Longitudinal (vertical) stresses try to compress the rock while shear (horizontal) stresses act horizontally and tend to spread the base of the mountain out sideways and indirectly reduce the height of the mountain. It is well known that the compression strength of concrete is far greater than the shear strength of concrete and that is why we use rebars when laying concrete. I think we can safely assume mountain rock behaves similarly to concrete, but is less homogenous.
Shear stresses try to pull the rock apart. Consider a boulder with a big crack running through most of it, it is easy to imagine it is much easier to pull the boulder apart than to compress it. If mountain rock has imperfections and flaws, then the same applies.
When testing a concrete mix, a 'slump test' is often done where the uncured concrete is piled into a conical shape. If it fails, the failure mode is for the sides to shear off sideways and the end result is a spread out lump of concrete mix with grains of sand in it that are not individually deformed or compressed. The failure is materialised as a spreading out rather than a compression of the individual grains of sand in the mix which would be much more difficult.

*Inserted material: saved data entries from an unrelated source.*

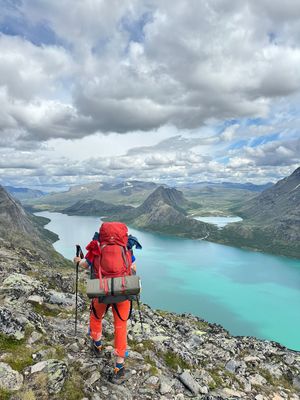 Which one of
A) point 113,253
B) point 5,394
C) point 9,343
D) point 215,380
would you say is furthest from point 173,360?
point 5,394

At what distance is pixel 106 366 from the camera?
1268 cm

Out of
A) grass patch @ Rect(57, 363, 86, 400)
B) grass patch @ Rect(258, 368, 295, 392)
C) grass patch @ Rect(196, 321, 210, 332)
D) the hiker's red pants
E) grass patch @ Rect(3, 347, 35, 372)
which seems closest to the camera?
grass patch @ Rect(57, 363, 86, 400)

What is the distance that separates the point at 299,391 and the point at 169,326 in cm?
1372

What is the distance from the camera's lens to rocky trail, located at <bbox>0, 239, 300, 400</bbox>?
10984 millimetres

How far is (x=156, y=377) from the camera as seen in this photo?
13047 millimetres

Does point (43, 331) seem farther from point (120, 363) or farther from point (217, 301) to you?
point (217, 301)

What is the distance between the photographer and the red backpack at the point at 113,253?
11.8m

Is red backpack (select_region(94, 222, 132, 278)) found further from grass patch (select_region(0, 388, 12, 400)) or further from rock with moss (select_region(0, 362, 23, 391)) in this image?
grass patch (select_region(0, 388, 12, 400))

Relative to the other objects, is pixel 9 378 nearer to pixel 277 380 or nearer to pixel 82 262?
pixel 82 262

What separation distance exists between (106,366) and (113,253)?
502 centimetres

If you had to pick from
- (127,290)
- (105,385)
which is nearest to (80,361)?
(105,385)

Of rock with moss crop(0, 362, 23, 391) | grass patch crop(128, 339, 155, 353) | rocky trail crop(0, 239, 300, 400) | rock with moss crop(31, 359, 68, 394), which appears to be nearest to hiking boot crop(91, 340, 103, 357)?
rocky trail crop(0, 239, 300, 400)

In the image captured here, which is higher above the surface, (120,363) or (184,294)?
(120,363)

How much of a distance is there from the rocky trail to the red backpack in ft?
13.6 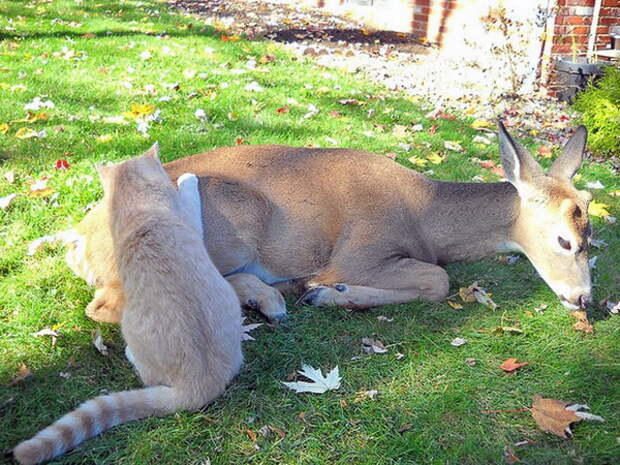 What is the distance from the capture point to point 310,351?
361cm

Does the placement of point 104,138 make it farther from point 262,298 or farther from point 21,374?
point 21,374

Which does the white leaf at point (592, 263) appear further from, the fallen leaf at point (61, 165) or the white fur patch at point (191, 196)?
the fallen leaf at point (61, 165)

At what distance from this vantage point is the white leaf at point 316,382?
3.26 meters

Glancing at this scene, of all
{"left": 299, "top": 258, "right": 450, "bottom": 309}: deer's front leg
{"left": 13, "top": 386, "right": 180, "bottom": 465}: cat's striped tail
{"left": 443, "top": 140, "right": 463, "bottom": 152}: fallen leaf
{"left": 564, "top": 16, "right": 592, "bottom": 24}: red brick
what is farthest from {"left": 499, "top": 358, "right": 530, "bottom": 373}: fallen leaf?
{"left": 564, "top": 16, "right": 592, "bottom": 24}: red brick

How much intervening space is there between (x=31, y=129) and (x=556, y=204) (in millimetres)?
4656

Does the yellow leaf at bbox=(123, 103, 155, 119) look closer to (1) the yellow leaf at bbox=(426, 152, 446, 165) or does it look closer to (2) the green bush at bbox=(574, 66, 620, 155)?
(1) the yellow leaf at bbox=(426, 152, 446, 165)

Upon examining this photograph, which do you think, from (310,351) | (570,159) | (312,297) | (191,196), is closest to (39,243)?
(191,196)

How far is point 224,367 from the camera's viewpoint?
10.2 ft

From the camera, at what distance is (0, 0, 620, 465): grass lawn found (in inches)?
114

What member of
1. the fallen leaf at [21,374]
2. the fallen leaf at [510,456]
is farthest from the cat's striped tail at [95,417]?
the fallen leaf at [510,456]

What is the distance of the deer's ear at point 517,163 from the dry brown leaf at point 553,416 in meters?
1.61

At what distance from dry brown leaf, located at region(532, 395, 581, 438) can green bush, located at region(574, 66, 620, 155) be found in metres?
4.63

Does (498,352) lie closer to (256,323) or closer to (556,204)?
(556,204)

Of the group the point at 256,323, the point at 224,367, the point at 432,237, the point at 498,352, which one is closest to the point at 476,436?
the point at 498,352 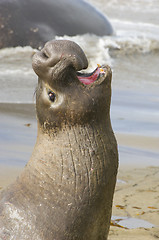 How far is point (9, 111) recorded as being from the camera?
6.25m

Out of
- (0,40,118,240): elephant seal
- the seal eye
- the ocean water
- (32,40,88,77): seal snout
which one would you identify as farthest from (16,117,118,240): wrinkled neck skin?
the ocean water

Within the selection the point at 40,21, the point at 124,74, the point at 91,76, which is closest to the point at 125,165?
the point at 91,76

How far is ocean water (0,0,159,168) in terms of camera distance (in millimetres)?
6102

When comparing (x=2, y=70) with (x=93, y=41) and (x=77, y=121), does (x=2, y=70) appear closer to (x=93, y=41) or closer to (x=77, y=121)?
(x=93, y=41)

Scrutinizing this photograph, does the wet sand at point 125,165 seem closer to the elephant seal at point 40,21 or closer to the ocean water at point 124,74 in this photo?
the ocean water at point 124,74

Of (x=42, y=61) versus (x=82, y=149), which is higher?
(x=42, y=61)

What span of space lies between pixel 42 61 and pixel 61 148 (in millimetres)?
Result: 480

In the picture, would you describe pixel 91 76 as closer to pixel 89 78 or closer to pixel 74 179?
pixel 89 78

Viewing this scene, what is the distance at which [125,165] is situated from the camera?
497 centimetres

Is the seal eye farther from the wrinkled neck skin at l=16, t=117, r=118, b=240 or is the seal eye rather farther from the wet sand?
the wet sand

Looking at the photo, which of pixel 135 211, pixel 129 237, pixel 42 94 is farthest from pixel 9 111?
pixel 42 94

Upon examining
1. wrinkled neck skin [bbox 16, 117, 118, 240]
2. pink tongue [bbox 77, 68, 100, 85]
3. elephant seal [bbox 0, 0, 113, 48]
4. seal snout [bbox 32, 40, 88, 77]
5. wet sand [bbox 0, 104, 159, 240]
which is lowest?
wet sand [bbox 0, 104, 159, 240]

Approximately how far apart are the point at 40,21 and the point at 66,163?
7120 mm

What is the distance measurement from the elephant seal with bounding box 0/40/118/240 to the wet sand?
37.6 inches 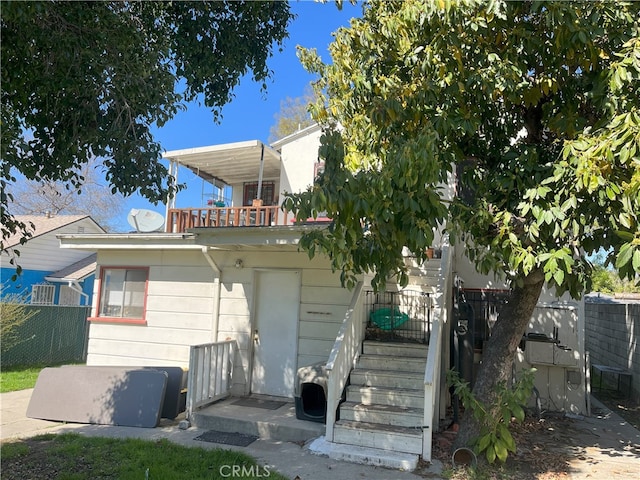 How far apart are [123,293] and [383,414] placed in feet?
18.6

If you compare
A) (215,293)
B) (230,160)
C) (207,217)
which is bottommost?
(215,293)

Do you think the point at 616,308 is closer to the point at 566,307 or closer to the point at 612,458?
the point at 566,307

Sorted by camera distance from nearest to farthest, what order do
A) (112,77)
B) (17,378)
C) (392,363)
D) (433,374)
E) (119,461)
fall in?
(112,77)
(119,461)
(433,374)
(392,363)
(17,378)

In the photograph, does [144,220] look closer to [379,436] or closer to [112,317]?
[112,317]

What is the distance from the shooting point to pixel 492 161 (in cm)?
537

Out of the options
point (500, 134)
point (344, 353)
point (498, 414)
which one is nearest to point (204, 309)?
point (344, 353)

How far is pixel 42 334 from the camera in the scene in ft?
37.1

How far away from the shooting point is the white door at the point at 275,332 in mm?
7121

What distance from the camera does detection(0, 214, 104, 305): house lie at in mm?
16078

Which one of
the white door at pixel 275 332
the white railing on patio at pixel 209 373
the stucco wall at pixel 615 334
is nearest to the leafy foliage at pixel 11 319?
the white railing on patio at pixel 209 373

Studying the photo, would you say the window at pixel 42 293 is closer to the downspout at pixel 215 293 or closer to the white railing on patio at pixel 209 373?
the downspout at pixel 215 293

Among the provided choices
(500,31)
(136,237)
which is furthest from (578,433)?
(136,237)

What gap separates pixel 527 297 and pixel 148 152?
174 inches

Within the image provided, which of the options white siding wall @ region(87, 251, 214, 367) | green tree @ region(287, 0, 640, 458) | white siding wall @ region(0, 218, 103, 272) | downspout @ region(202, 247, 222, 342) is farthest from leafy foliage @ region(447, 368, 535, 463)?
white siding wall @ region(0, 218, 103, 272) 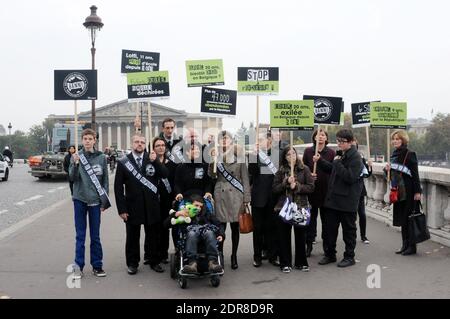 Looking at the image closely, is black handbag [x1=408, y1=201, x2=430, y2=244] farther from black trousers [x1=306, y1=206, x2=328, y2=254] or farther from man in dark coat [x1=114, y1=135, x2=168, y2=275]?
man in dark coat [x1=114, y1=135, x2=168, y2=275]

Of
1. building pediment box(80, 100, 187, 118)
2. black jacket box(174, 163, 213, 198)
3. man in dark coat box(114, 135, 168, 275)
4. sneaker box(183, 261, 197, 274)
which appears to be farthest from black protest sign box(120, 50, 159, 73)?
building pediment box(80, 100, 187, 118)

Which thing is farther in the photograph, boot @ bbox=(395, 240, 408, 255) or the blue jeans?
boot @ bbox=(395, 240, 408, 255)

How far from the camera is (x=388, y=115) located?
9.09 m

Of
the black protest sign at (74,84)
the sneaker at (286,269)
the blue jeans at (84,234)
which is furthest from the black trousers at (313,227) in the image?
the black protest sign at (74,84)

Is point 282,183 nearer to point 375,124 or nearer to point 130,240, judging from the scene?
point 130,240

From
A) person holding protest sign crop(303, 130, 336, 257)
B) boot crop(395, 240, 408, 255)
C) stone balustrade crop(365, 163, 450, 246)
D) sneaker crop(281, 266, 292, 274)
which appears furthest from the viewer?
stone balustrade crop(365, 163, 450, 246)

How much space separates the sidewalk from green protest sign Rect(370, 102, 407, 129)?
206cm

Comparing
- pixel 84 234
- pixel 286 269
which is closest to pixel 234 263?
pixel 286 269

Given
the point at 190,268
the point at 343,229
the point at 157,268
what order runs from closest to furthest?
the point at 190,268 < the point at 157,268 < the point at 343,229

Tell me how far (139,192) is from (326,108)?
3.59 metres

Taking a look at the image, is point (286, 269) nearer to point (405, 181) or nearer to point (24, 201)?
point (405, 181)

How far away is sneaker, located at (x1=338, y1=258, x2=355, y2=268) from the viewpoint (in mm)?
7055

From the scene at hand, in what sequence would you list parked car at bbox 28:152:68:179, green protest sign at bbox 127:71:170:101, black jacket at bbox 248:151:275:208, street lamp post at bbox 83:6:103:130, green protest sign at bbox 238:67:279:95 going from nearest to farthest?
black jacket at bbox 248:151:275:208, green protest sign at bbox 127:71:170:101, green protest sign at bbox 238:67:279:95, street lamp post at bbox 83:6:103:130, parked car at bbox 28:152:68:179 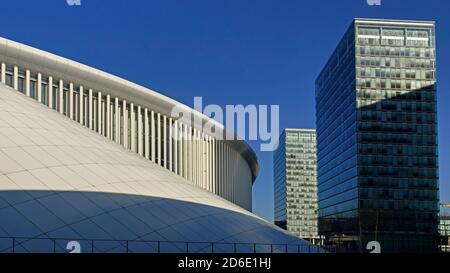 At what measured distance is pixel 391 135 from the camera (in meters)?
120

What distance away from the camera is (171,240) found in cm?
2705

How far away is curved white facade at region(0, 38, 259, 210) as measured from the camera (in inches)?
2051

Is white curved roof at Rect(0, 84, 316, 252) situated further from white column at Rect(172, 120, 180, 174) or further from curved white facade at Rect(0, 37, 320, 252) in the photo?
white column at Rect(172, 120, 180, 174)

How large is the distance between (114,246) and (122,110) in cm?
3961

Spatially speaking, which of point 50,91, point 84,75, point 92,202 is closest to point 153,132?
point 84,75

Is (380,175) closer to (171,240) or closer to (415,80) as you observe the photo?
(415,80)

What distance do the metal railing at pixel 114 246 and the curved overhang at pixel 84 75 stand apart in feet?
97.5

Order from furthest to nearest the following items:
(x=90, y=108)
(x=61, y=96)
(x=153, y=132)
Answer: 1. (x=153, y=132)
2. (x=90, y=108)
3. (x=61, y=96)

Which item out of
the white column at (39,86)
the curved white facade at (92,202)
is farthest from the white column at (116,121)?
the curved white facade at (92,202)

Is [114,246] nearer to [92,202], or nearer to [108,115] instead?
[92,202]

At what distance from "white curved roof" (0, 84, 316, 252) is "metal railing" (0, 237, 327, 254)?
86 mm

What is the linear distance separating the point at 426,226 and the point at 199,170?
6097 centimetres

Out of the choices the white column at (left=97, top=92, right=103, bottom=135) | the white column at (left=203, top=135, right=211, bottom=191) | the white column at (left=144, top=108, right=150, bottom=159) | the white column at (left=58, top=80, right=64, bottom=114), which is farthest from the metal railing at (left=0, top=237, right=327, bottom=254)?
the white column at (left=203, top=135, right=211, bottom=191) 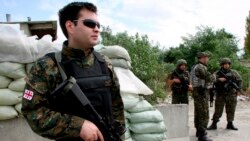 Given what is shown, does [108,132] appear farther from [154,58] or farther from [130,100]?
[154,58]

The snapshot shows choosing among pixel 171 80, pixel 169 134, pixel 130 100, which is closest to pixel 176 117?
pixel 169 134

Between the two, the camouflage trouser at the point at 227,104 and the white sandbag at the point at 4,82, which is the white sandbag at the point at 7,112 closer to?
the white sandbag at the point at 4,82

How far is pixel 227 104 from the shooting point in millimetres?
8305

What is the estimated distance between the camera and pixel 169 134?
580cm

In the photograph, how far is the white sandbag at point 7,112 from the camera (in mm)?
3514

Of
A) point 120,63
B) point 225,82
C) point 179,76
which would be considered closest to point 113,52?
point 120,63

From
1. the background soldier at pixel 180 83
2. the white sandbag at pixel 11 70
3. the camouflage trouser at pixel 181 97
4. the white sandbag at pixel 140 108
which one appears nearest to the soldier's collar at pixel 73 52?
the white sandbag at pixel 11 70

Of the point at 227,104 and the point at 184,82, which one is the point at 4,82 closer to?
the point at 184,82

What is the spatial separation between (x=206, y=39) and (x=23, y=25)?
57.7 feet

To a large extent the core near the base of a mountain behaves a bit like an incompressible liquid and the pressure on the base core, due the weight of the rock above it, acts in all directs, vertically and horizontally. It is much easier to move rock horizontally near the base sides, than to compress its volume vertically near the centre.
Another factor to consider is that the outer crust of the Earth essentially 'floats' on the more fluid mantle below. For a huge mountain, the crust below it will partially sink to displace more volume as per Archimedes buoyancy law.